Until they strip DNSSEC information.  You MUST validate locally....

>> Thus probably the best default policy for DNSSEC validation is:
>> 
>> Validate on the client (sending all requests with DO and CD!
> 
> You don't need CD to validate.
> 
>> Don't let =
>> the resolver in between validate, you can't trust it anyway so why have =
>> it waste cycles?). 
> 
> Because you want it to sort out when a authoritative server has stale
> DNSSEC data, authoritative servers that are not dnssec enabled, .....
> It's much easier for the recursive server handle this directly and
> give the stub resolver answers that have been successfully validated.


You want the end client to have its own policy on what to do on DNSSEC failure, not be dependent on the resolver's policy, and thus validating clients really should use CD with every request.


EG, I'd WANT clients to be able to visit www.dnssec-failed.org IFF the client is able to contact the root, .org, and Comcast's DNS servers directly.

That way, the client knows that it can trust the DNS information to exactly the same degree that it can trust the rest of its network traffic.
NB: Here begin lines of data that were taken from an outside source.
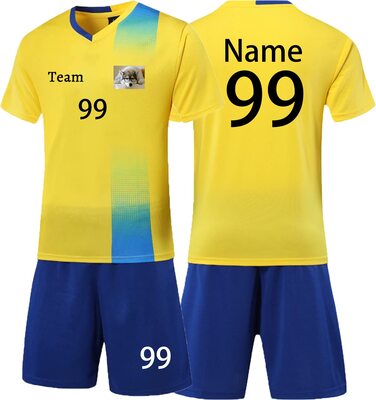 HDSD Personifizieren Trikot Kinder Erwachsene Shirt und Short mit Name Team Nummer Logo - Fussballtrikot Jungs Mädchen bei Amazon bestellen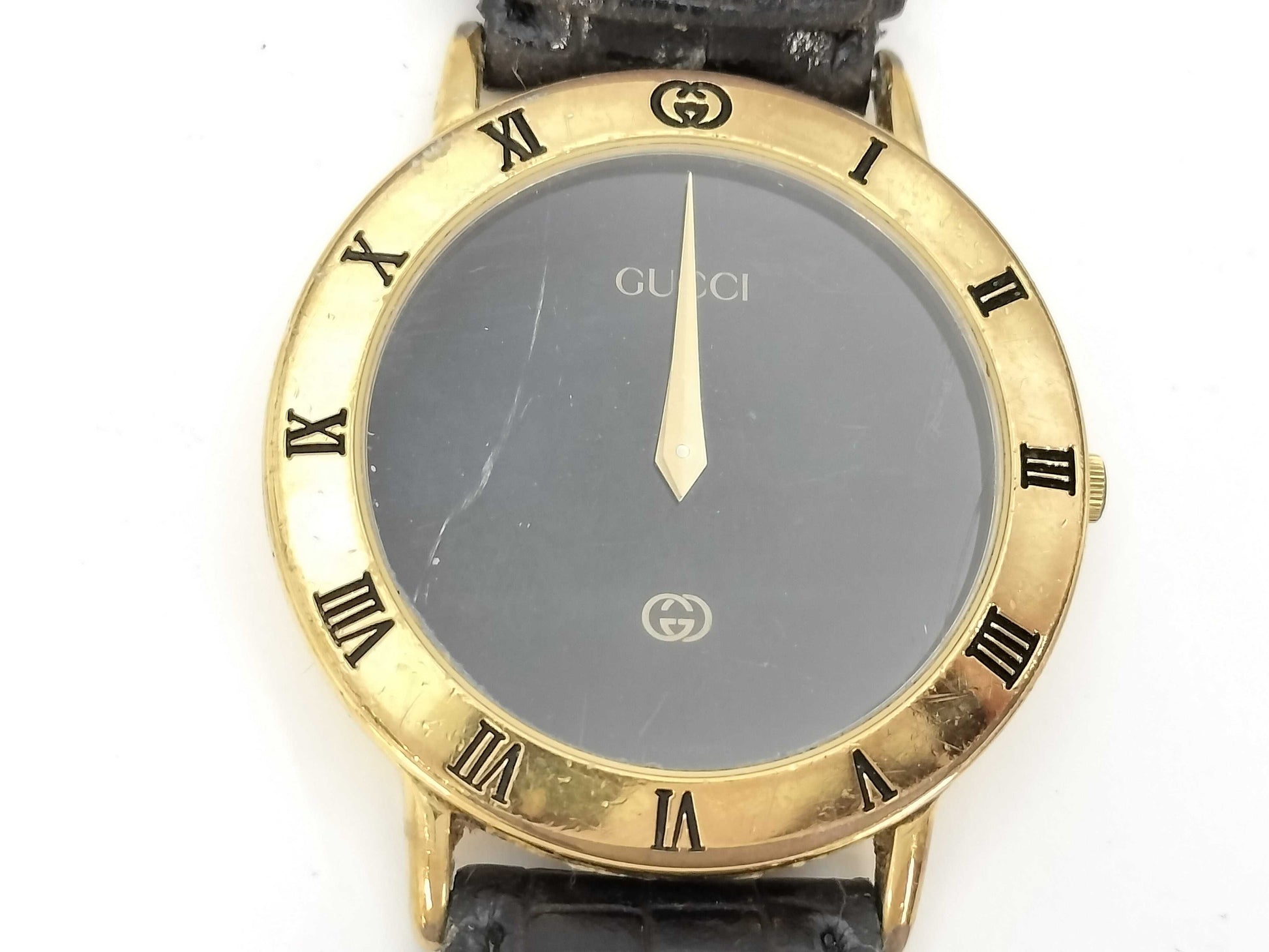 GUCCI 3000M 0101286 Quartz Black Dial Boys' Watch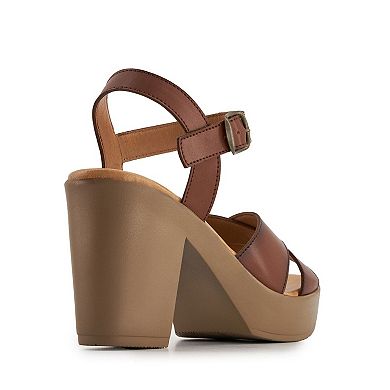 Andrea Comfort Classic Heel Ankle Strap Sandals 76401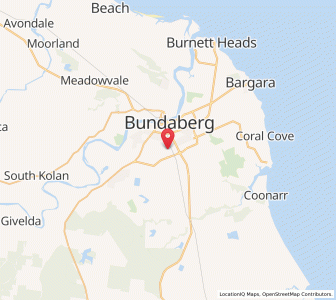 Map of Thabeban, Queensland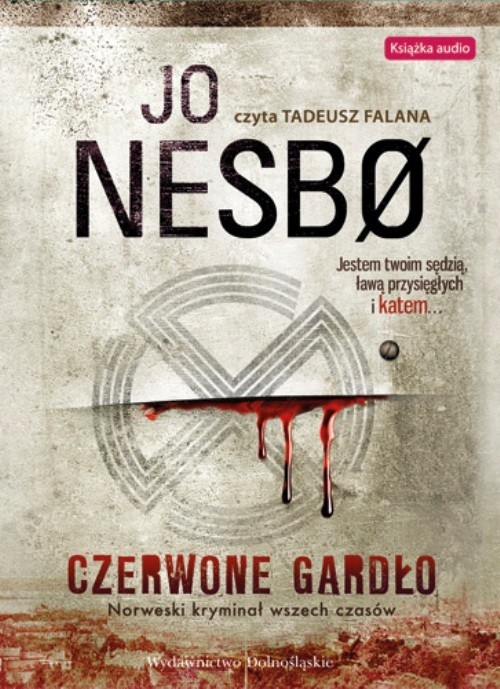 okładka Czerwone gardło książka | Jo Nesbø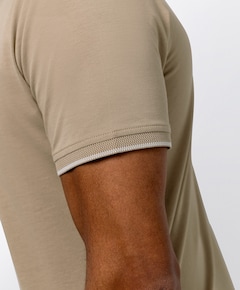 Heren polo beige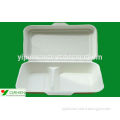 Sanitary food paper box custom SGS packaging solutions tray with cover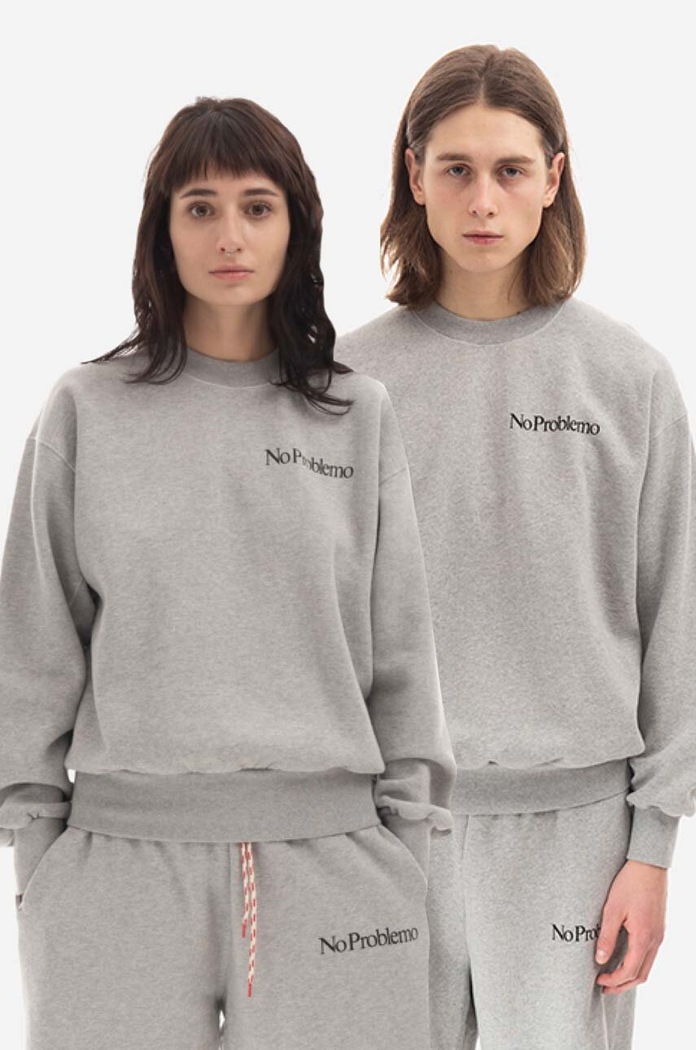 Aries cotton sweatshirt Mini Problemo cotton gray COAR20009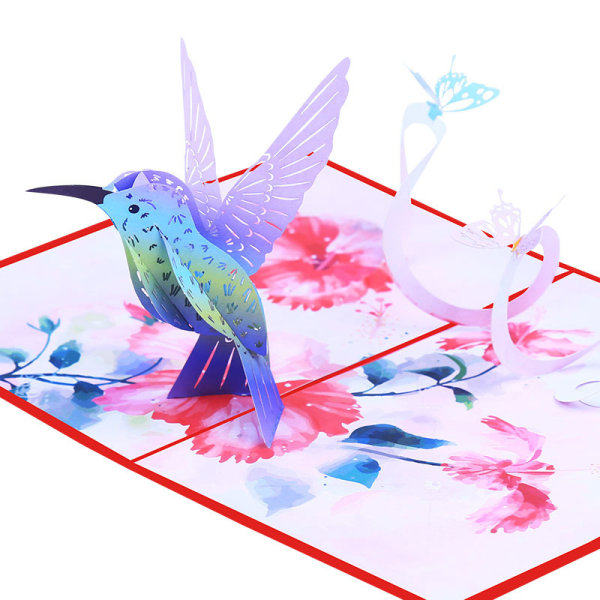 Hummingbird Pop Up Card Mother's Day Greeting Card for Mom or W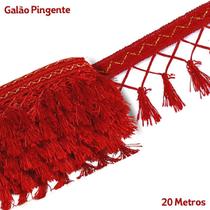Pingente De Seda Tassel - Fita- Vermelho - Nº: 145 C/20M- Nybc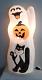 Vintage Halloween Ghost Blow Mold With Black Cat & Pumpkin 34 Tall U. S. A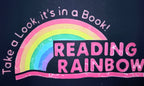 Reading Rainbow Take a Look Its in a Book Graphic Tee XXL Navy detail 1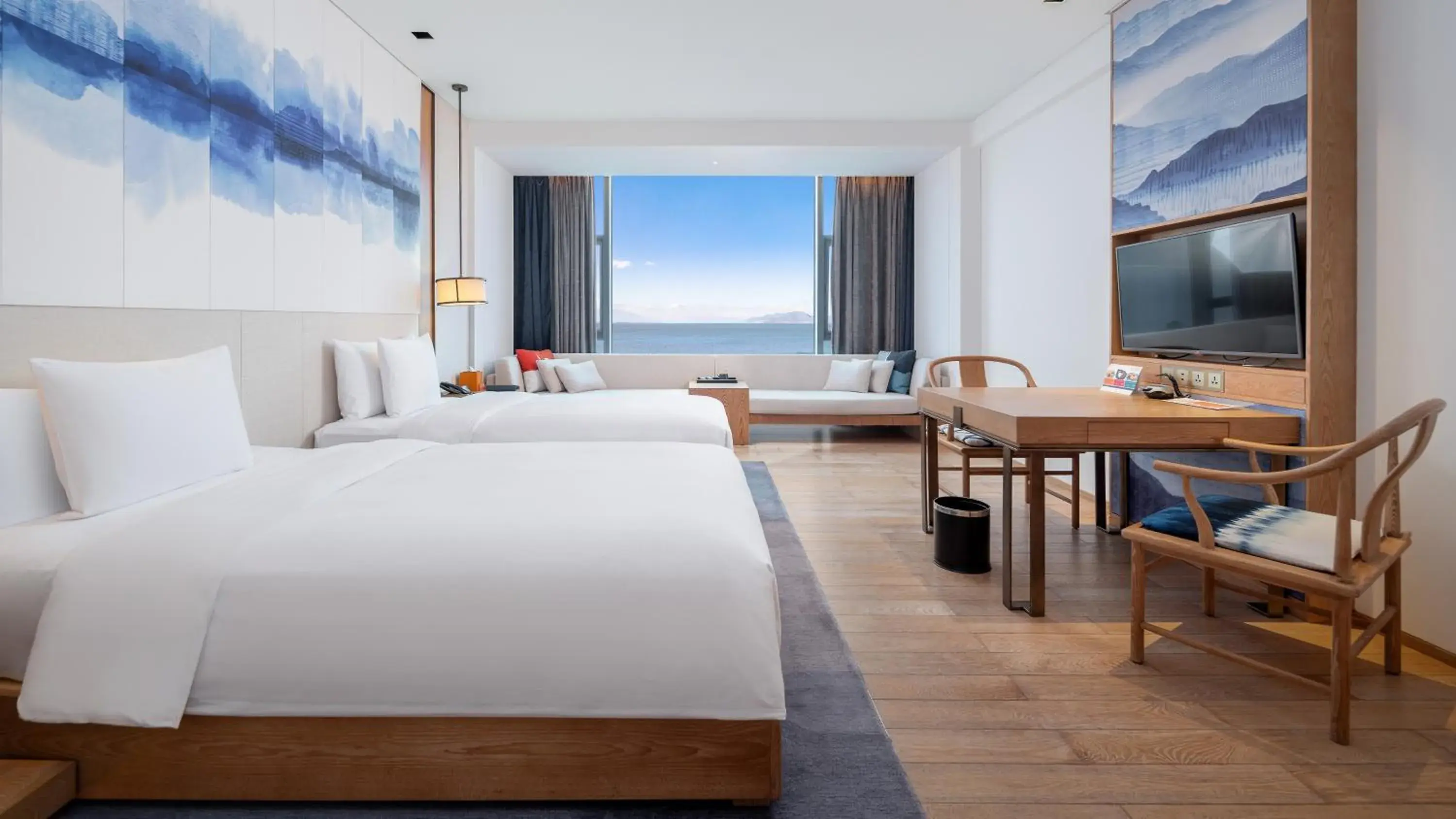 View (from property/room), Bed in Hotel Indigo Dali Erhai by IHG View (from property/room), Bed in Hotel Indigo Dali Erhai by IHG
>> If local validation successful, accept.
>> 
>> If failed (For any reason, including no DNSSEC information at all [1]), =
>> the client MUST contact the authorities directly (NOT through the =
>> intermediary systems) and accept the results without validation [2].
> 
> That's nice when you can do it, but there are lots of enviroments
> where you can't.  We need to make those deployment senarios work.
> Failures are not alway malicious.

You notice that the proposed policy ONLY causes a failure IFF:

a)  There is an actual DNSSEC failure-to-validate (not simply "no DNSSEC").  
AND
b)  The client is prohibited from contacting authoritative DNS servers directly.